Records from a data source
*** Block opens ***

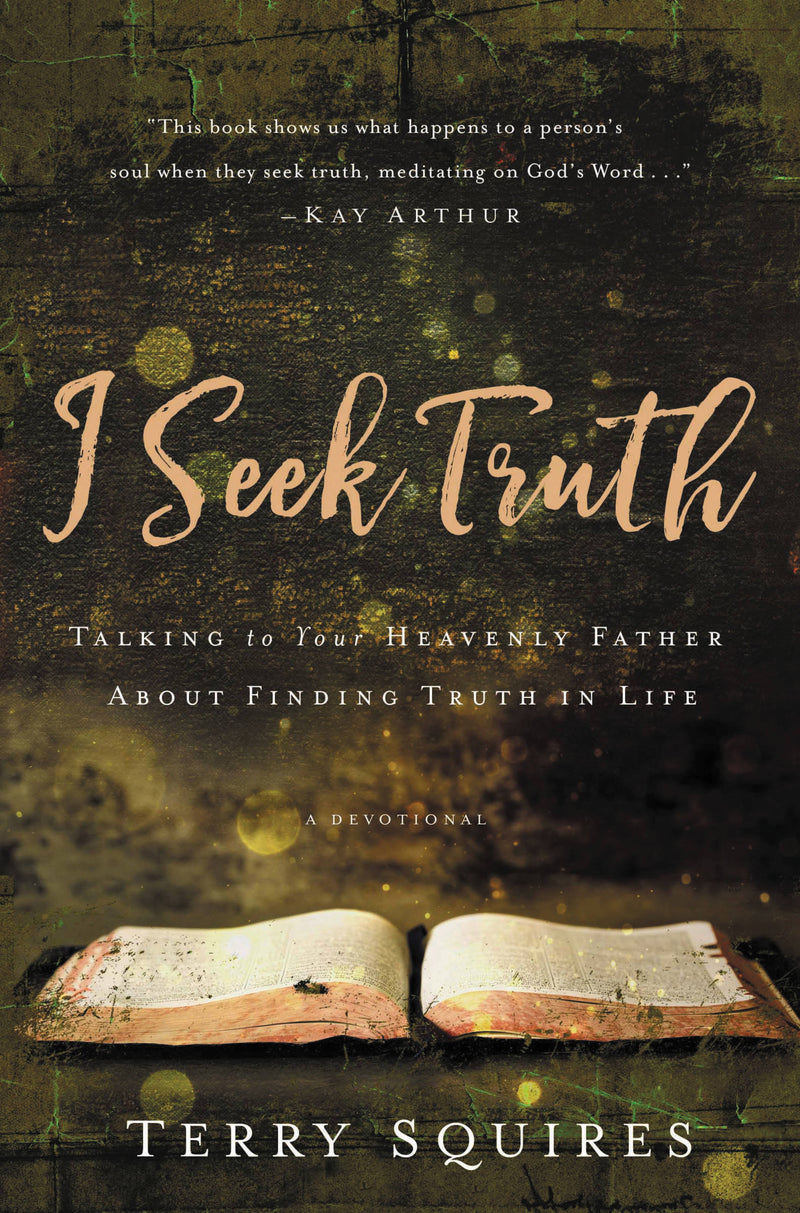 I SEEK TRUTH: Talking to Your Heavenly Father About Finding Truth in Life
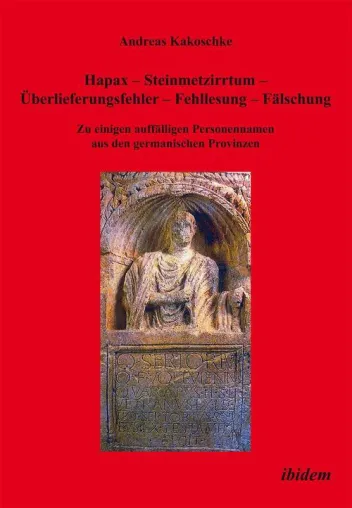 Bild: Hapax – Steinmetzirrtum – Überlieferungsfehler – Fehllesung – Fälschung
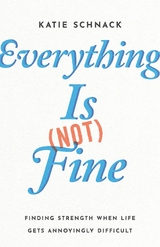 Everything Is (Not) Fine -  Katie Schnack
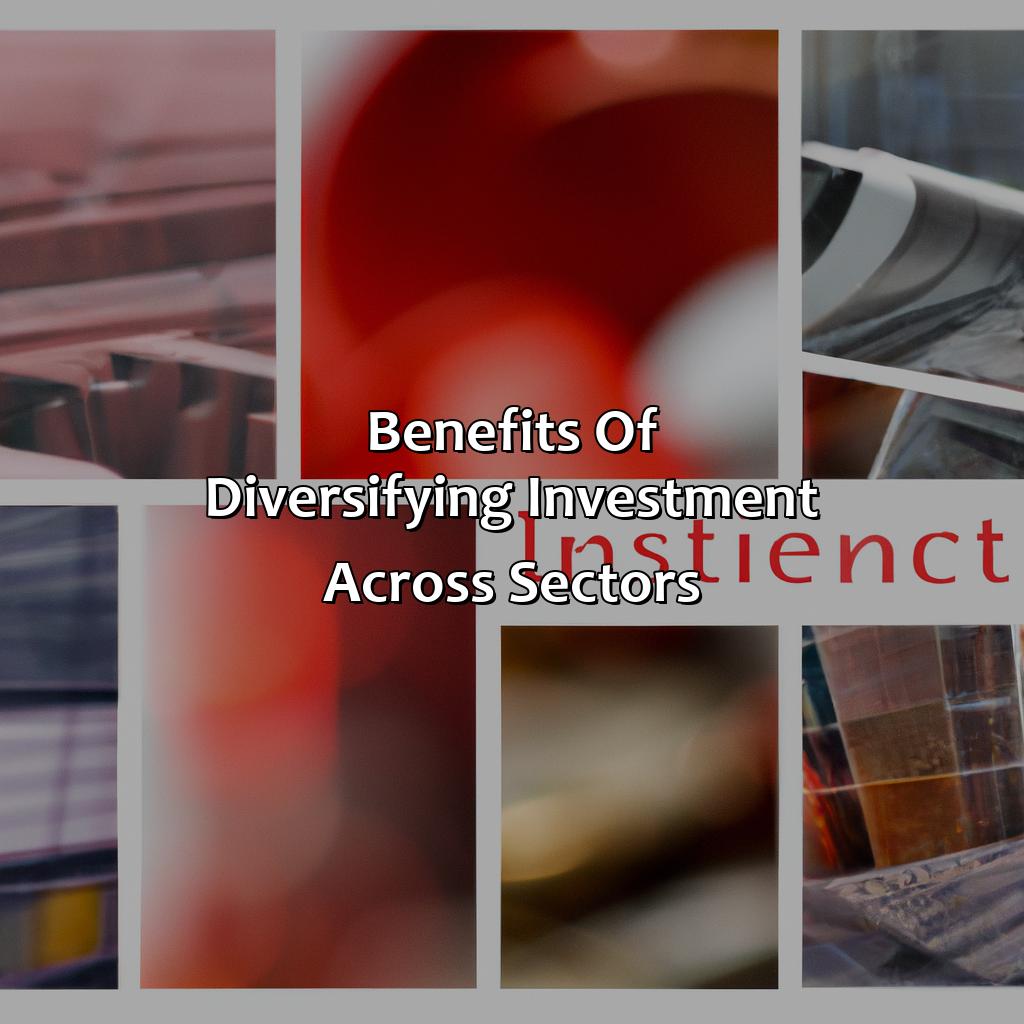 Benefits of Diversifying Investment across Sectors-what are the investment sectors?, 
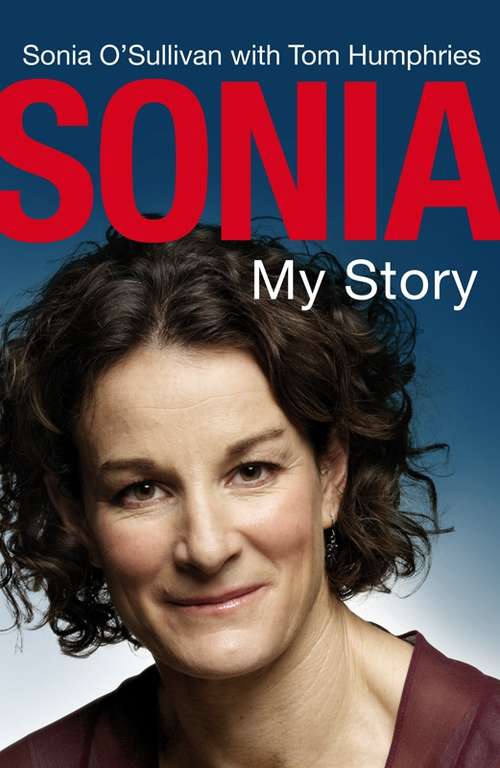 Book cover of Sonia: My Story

*** Block closes ***

**Your task**: Your answer should consist solely of the lines from the one with "Benefits of Diversifying" through the last line of the entries, restated word for word, with the pictures omitted.

**Output of the exercise**:
 Benefits of Diversifying Investment across Sectors-what are the investment sectors?, 
 Book cover of Sonia: My Story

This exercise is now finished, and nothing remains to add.